For each record that follows, give it back exactly, with no pictures included.

═══ DATA ═══

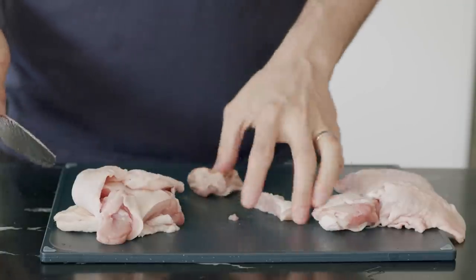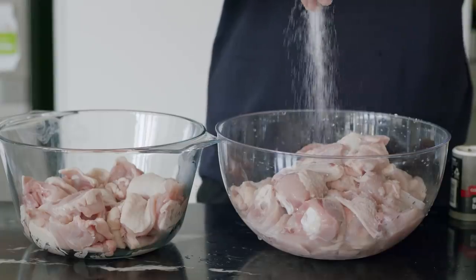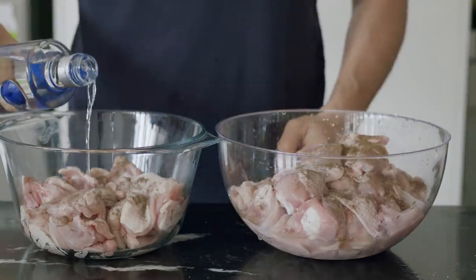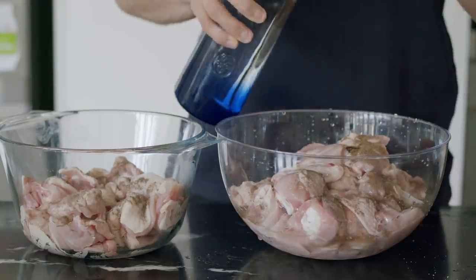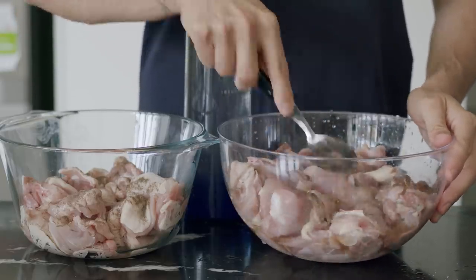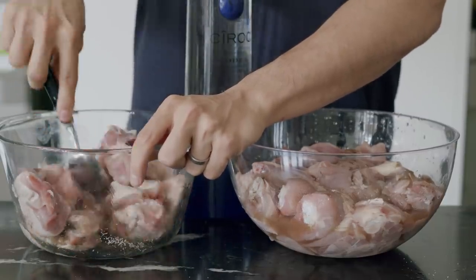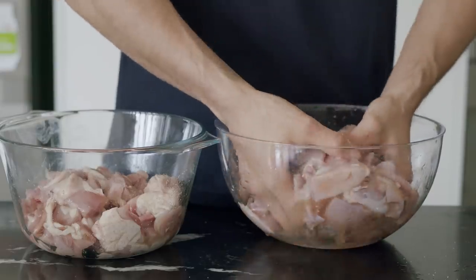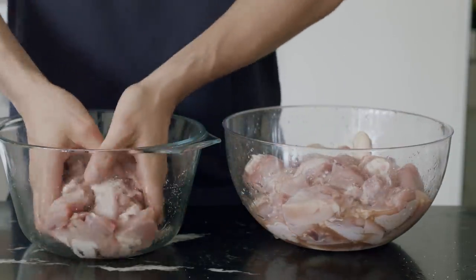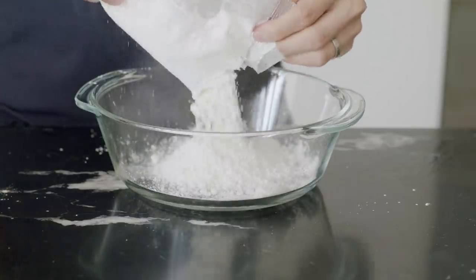I'll also cut up some boneless chicken thighs for good measure. To season the chicken, very simple: some salt, black pepper, and vodka. Traditionally most recipes will use soju, but putting alcohol in marinades generally helps season the meat better and is a great vehicle for flavor — don't worry, once cooked the alcohol content will be gone completely. This gets covered up and rests in the fridge for at least six hours.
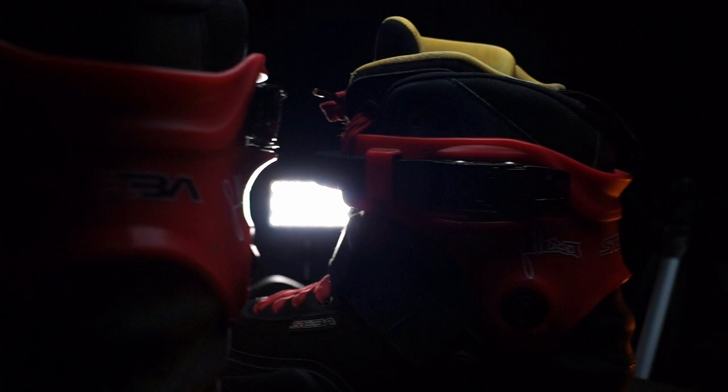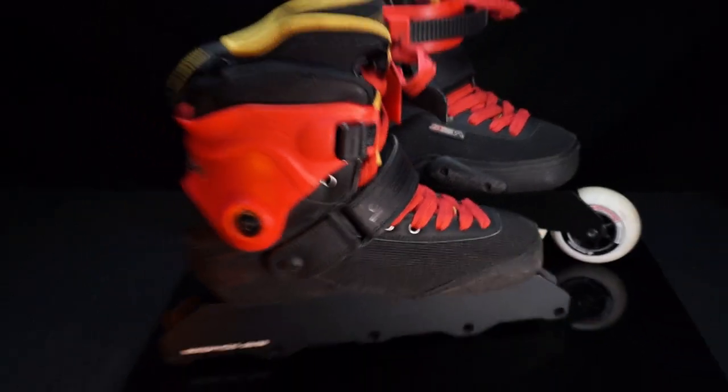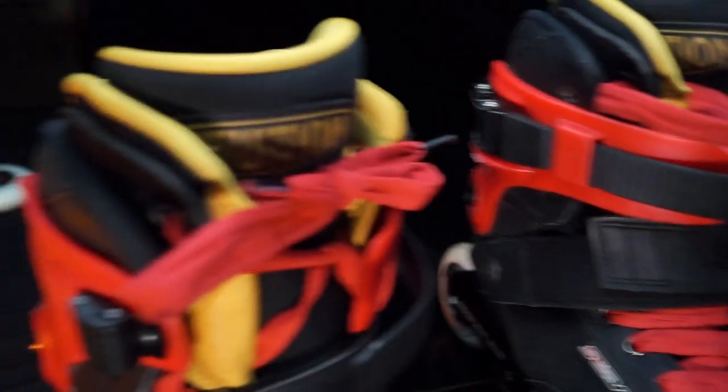The ride height is almost as low as a 5x80 UFS frame. This set will be fast and still pretty compact.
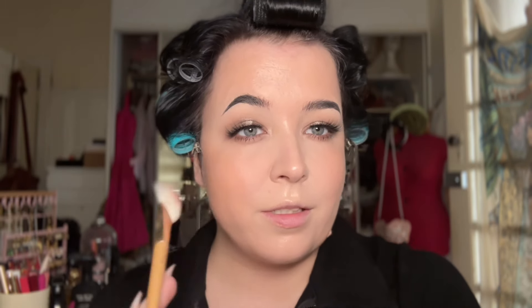This is the Hourglass Evil Eye Ambient Light palette. I'm taking this sort of coral blush and just dusting that over the cheeks. I use a little bit of the Luminous Light setting powder just to set the perimeters of the face so that when I let my hair down it doesn't stick to my base and piss me off.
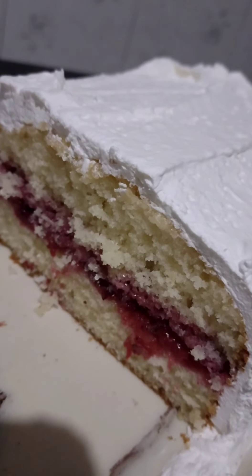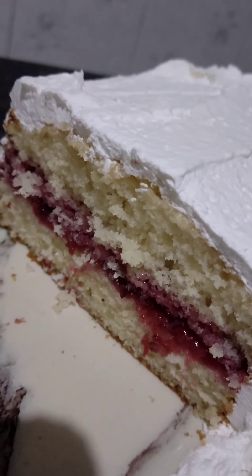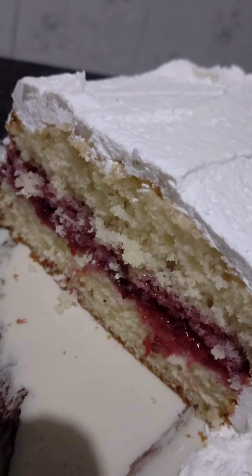Esse pedacinho mesmo aqui, eu não precisei umedecer com nada. Porque essa massa, por causa do buttermilk, ela já é bem fofinha e bem úmida. Tem a receita aí no canal — você faz sem batedeira, em dois minutos você faz a massa do bolo. Acho que vou fazer um cafezinho para comer um pedacinho desse bolo com geléia de morango e chantilly.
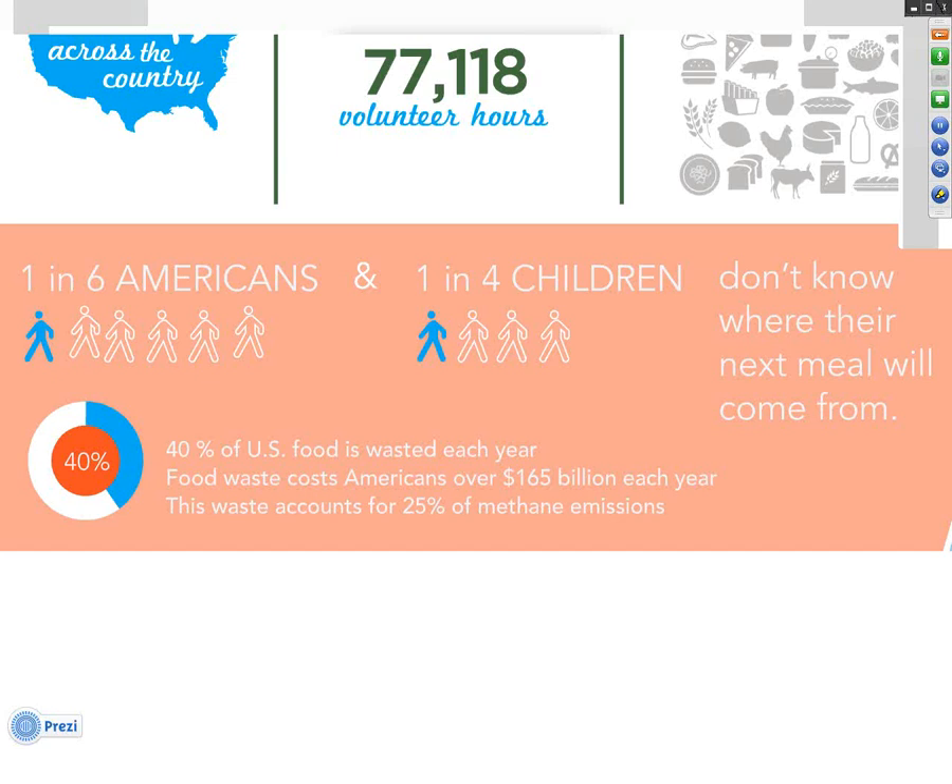Food insecurity and hunger is clearly a national need seen in almost every community. One in six Americans, one in four children don't know where their next meal might be coming from — added together, over 50 million Americans are living in food insecure households. Yet at the very same time, about 40% of the food in the U.S. is wasted each year, costing Americans billions of dollars in wasted resources.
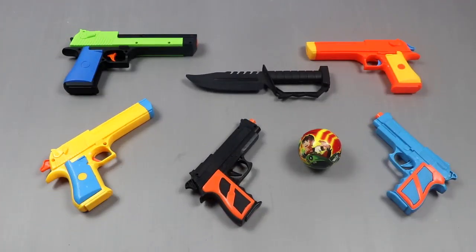Hello guys, welcome to my YouTube channel. I hope everyone is good. Today some try pistol review will be reviewed. So let's go to our video.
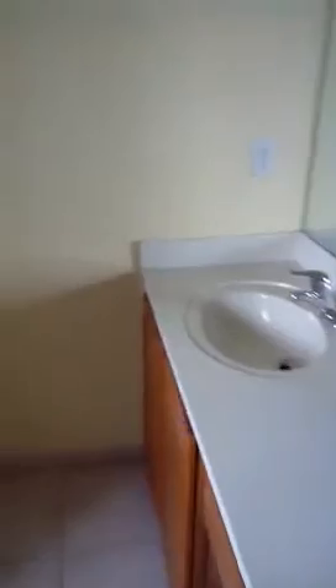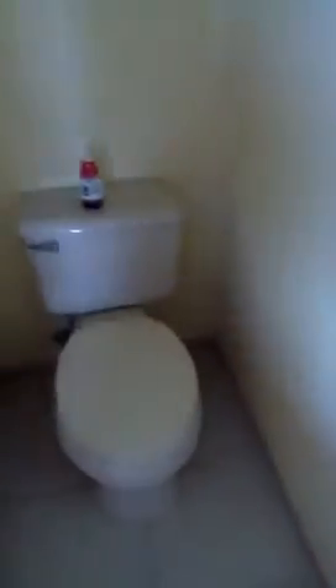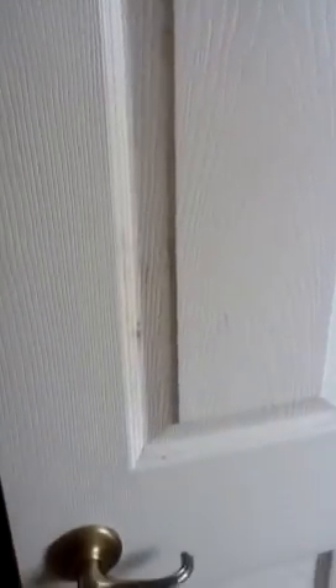The bathroom looks good — it's very clean. You might need some touch-ups on the glass mirror. The shower — the bottom of the shower is still caulked pretty well and it looks pretty good. There's a little bit of mold on the back of the door right here — that'll have to be cleaned off. It's just dirt.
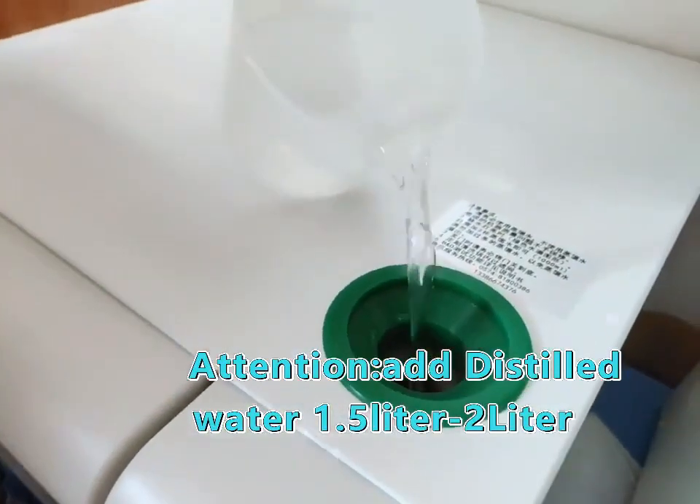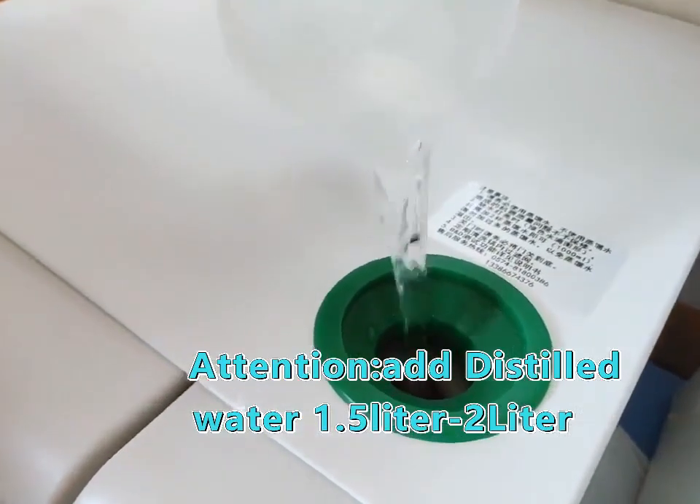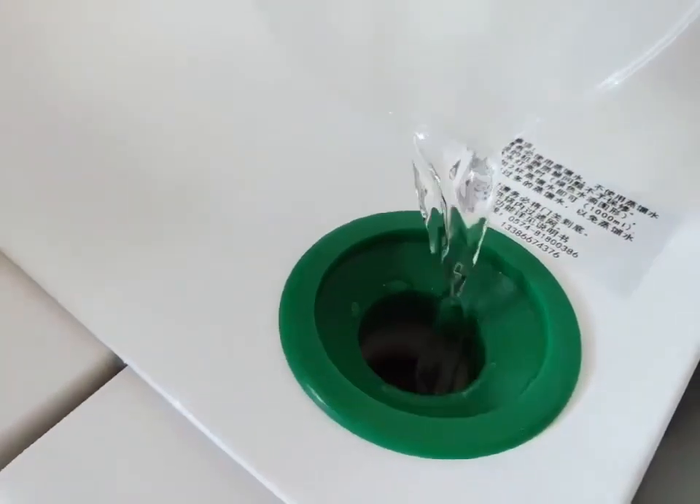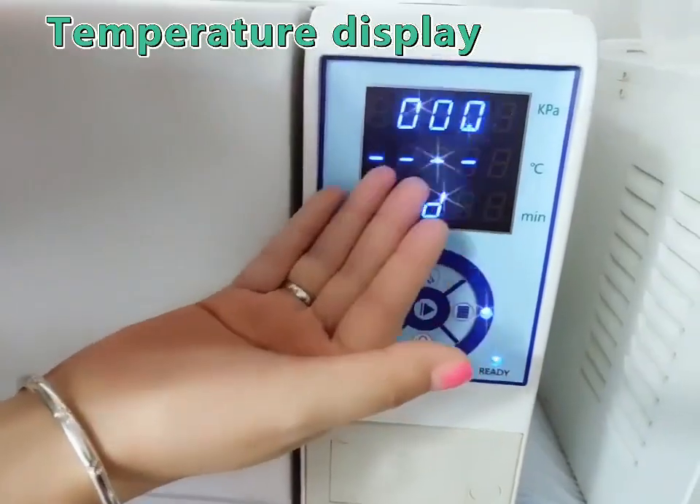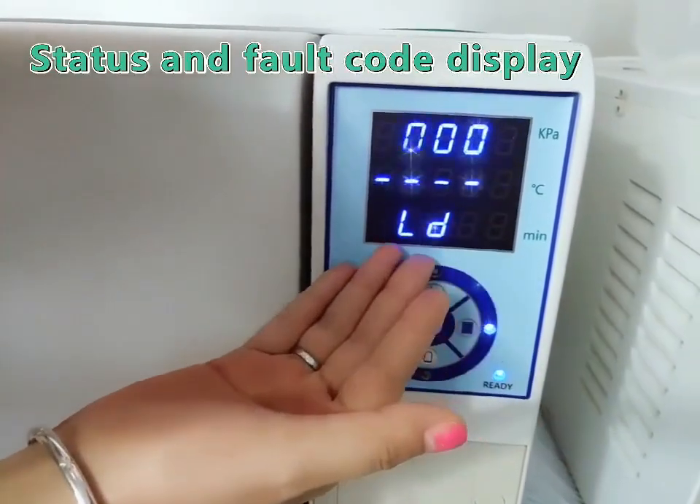At 1.5L to 2L is zero water. Reacher Display, Comparator Display, natural and waterfall display.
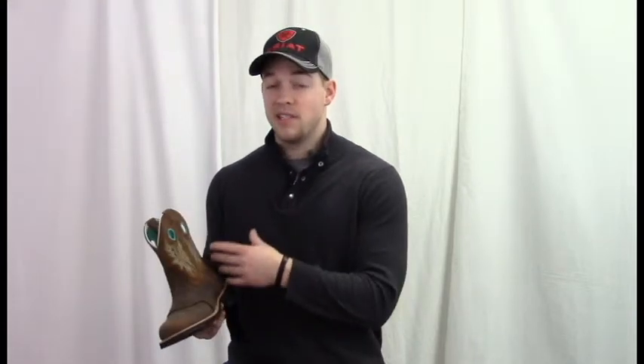It has a brown leather base with a brown suede upper, and then electric blue circular cutouts that replace the pull straps and just add a little bit more fashion to this boot. It also has that same electric blue, yellow, and white stitching on it.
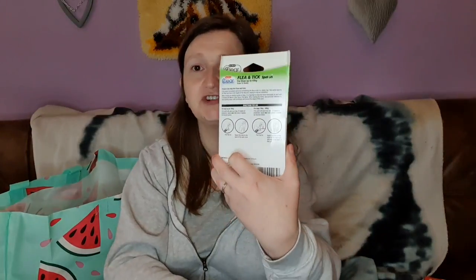So when we were in B&M, we picked up treatments for the cat and for the dogs. The dog one is for fleas and ticks, for dogs up to 40 kilograms. We actually bought three of these because we've got three dogs and they all weigh different amounts, so we need to work it out by their weight. There are six pipettes in it so it says 12 weeks, but it won't last us that long with three dogs — it will probably do a couple of treatments. The dog one was £2.99, so it was £8.97 altogether for us.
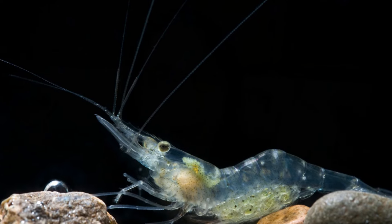As the name ghost shrimp would suggest, these guys are typically clear, translucent shrimp. You can pretty much see what they're eating in their stomach — it's kind of interesting. They are a very small crustacean, only getting to be about one to one and a half inches in size, so they are not very large.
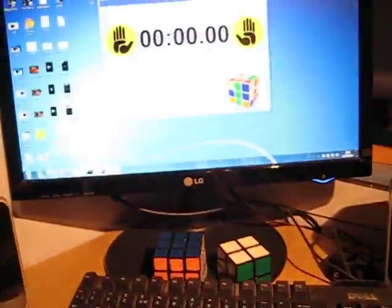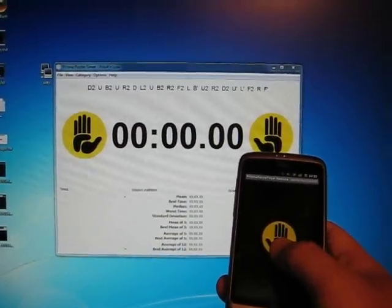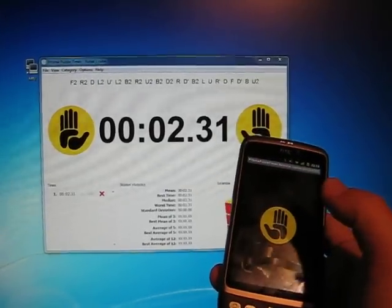HTC Desire. So I can now press on my phone and it's timing — the timer is going.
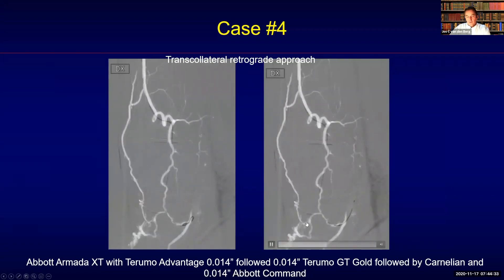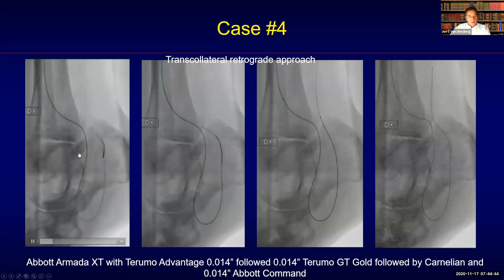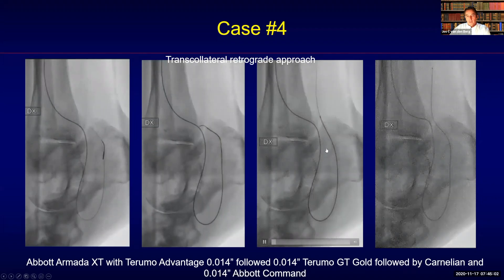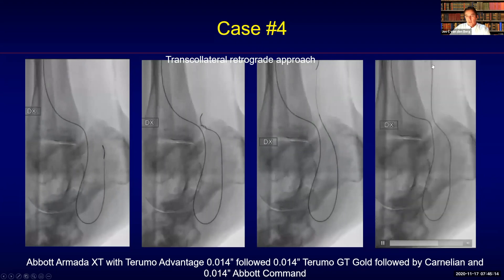You then need to downgrade and de-escalate with your catheter. This balloon catheter is relatively rigid and not really navigational, so I used a support catheter — in this case a Carnelian. You can see how easily it now tracks towards proximal, and with the Abbott Command catheter it is now possible to recanalize again with a loop towards proximal. Advance the support catheter towards proximal and confirm good positioning by injecting contrast.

═══

● **ANSWER BOX**:
I'll also cut up some boneless chicken thighs for good measure. To season the chicken, very simple: some salt, black pepper, and vodka. Traditionally most recipes will use soju, but putting alcohol in marinades generally helps season the meat better and is a great vehicle for flavor — don't worry, once cooked the alcohol content will be gone completely. This gets covered up and rests in the fridge for at least six hours.
The ride height is almost as low as a 5x80 UFS frame. This set will be fast and still pretty compact.
This is the Hourglass Evil Eye Ambient Light palette. I'm taking this sort of coral blush and just dusting that over the cheeks. I use a little bit of the Luminous Light setting powder just to set the perimeters of the face so that when I let my hair down it doesn't stick to my base and piss me off.
Esse pedacinho mesmo aqui, eu não precisei umedecer com nada. Porque essa massa, por causa do buttermilk, ela já é bem fofinha e bem úmida. Tem a receita aí no canal — você faz sem batedeira, em dois minutos você faz a massa do bolo. Acho que vou fazer um cafezinho para comer um pedacinho desse bolo com geléia de morango e chantilly.
Food insecurity and hunger is clearly a national need seen in almost every community. One in six Americans, one in four children don't know where their next meal might be coming from — added together, over 50 million Americans are living in food insecure households. Yet at the very same time, about 40% of the food in the U.S. is wasted each year, costing Americans billions of dollars in wasted resources.
Hello guys, welcome to my YouTube channel. I hope everyone is good. Today some try pistol review will be reviewed. So let's go to our video.
The bathroom looks good — it's very clean. You might need some touch-ups on the glass mirror. The shower — the bottom of the shower is still caulked pretty well and it looks pretty good. There's a little bit of mold on the back of the door right here — that'll have to be cleaned off. It's just dirt.
At 1.5L to 2L is zero water. Reacher Display, Comparator Display, natural and waterfall display.
It has a brown leather base with a brown suede upper, and then electric blue circular cutouts that replace the pull straps and just add a little bit more fashion to this boot. It also has that same electric blue, yellow, and white stitching on it.
So when we were in B&M, we picked up treatments for the cat and for the dogs. The dog one is for fleas and ticks, for dogs up to 40 kilograms. We actually bought three of these because we've got three dogs and they all weigh different amounts, so we need to work it out by their weight. There are six pipettes in it so it says 12 weeks, but it won't last us that long with three dogs — it will probably do a couple of treatments. The dog one was £2.99, so it was £8.97 altogether for us.
As the name ghost shrimp would suggest, these guys are typically clear, translucent shrimp. You can pretty much see what they're eating in their stomach — it's kind of interesting. They are a very small crustacean, only getting to be about one to one and a half inches in size, so they are not very large.
HTC Desire. So I can now press on my phone and it's timing — the timer is going.
You then need to downgrade and de-escalate with your catheter. This balloon catheter is relatively rigid and not really navigational, so I used a support catheter — in this case a Carnelian. You can see how easily it now tracks towards proximal, and with the Abbott Command catheter it is now possible to recanalize again with a loop towards proximal. Advance the support catheter towards proximal and confirm good positioning by injecting contrast.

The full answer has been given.